◆ What to work on
Repeat exactly the lines below that lie between the line with "Chili peppers pattern" and the line with "Trädgårdsbord med glasskiva", counting both of those lines as part of the answer.

◆ Stored data
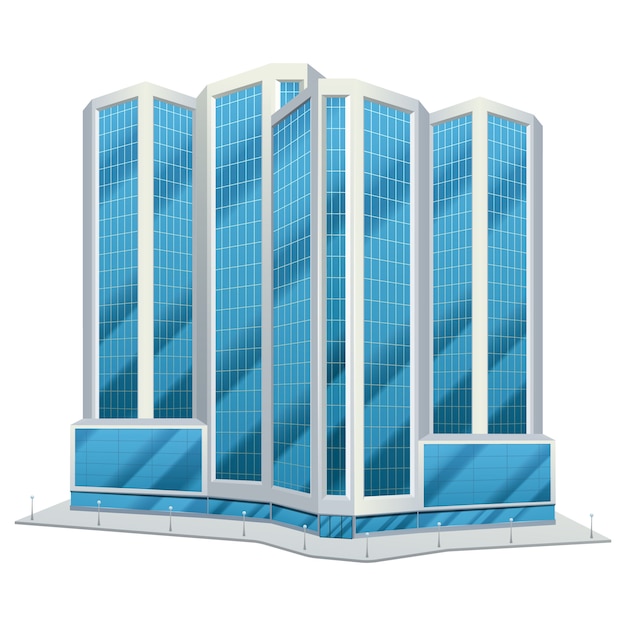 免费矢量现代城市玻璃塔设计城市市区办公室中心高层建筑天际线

---

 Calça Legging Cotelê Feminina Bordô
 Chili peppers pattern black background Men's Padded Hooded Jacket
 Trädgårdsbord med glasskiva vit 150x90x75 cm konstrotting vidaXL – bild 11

* * *

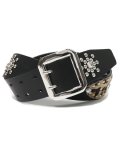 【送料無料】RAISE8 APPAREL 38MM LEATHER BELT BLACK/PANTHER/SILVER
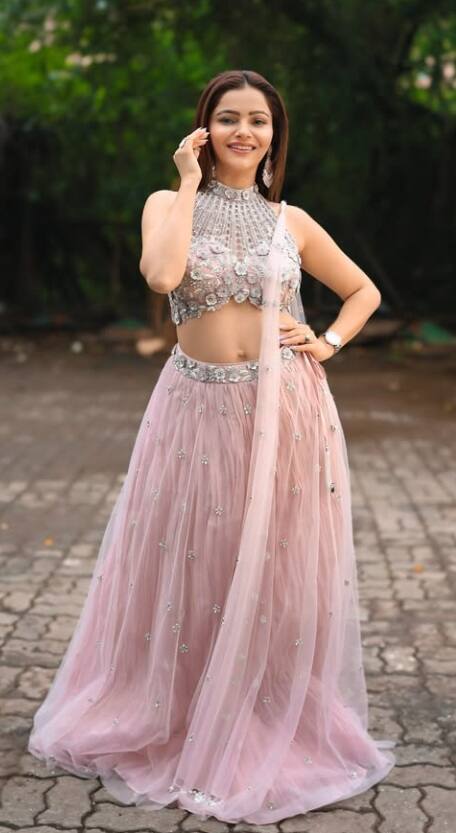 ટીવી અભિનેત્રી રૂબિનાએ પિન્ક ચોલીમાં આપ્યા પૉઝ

◆ Answer section
 Chili peppers pattern black background Men's Padded Hooded Jacket
 Trädgårdsbord med glasskiva vit 150x90x75 cm konstrotting vidaXL – bild 11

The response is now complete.